## What you will do
Filter the data below, keeping only lines that contain "Rare".

Source data

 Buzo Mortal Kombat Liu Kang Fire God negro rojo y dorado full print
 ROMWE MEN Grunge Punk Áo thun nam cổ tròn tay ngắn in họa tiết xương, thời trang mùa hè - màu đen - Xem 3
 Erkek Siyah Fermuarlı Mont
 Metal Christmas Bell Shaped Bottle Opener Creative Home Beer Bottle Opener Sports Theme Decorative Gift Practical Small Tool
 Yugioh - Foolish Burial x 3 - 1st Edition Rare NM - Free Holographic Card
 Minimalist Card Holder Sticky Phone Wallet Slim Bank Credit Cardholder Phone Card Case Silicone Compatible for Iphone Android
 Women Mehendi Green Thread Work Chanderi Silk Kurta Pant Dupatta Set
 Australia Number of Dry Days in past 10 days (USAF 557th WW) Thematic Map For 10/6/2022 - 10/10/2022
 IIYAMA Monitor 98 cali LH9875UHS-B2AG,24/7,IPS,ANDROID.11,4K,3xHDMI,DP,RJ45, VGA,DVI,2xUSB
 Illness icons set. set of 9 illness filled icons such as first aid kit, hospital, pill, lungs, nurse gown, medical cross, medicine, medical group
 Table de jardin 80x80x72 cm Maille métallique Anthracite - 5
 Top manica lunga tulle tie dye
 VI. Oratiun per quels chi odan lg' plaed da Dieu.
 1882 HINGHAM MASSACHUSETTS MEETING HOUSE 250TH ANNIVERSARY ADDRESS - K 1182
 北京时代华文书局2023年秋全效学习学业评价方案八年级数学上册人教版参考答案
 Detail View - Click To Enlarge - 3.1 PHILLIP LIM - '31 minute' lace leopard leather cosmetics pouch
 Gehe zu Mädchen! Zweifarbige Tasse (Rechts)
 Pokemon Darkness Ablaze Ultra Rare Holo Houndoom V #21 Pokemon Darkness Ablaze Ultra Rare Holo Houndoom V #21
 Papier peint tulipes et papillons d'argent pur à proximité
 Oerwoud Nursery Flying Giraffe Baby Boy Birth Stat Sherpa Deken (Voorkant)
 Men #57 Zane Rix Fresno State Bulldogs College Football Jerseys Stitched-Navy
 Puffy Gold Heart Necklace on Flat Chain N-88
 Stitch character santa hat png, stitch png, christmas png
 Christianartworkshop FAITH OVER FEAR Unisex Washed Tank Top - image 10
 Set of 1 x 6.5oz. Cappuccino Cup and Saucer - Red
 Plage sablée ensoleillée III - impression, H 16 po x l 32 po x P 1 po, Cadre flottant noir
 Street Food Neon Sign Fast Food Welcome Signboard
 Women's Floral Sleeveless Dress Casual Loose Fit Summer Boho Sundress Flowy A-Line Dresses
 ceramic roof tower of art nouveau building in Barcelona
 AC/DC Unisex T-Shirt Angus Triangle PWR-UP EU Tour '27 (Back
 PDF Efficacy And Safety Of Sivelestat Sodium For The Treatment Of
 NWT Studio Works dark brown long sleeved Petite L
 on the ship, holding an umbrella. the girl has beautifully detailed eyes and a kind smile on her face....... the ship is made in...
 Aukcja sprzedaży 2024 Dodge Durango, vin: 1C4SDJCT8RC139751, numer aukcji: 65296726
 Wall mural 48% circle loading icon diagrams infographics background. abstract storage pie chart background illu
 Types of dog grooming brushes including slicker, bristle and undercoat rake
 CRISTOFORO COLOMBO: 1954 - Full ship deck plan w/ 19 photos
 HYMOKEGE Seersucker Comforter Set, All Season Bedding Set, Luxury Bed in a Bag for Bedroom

## Result for this task
 Yugioh - Foolish Burial x 3 - 1st Edition Rare NM - Free Holographic Card
 Pokemon Darkness Ablaze Ultra Rare Holo Houndoom V #21 Pokemon Darkness Ablaze Ultra Rare Holo Houndoom V #21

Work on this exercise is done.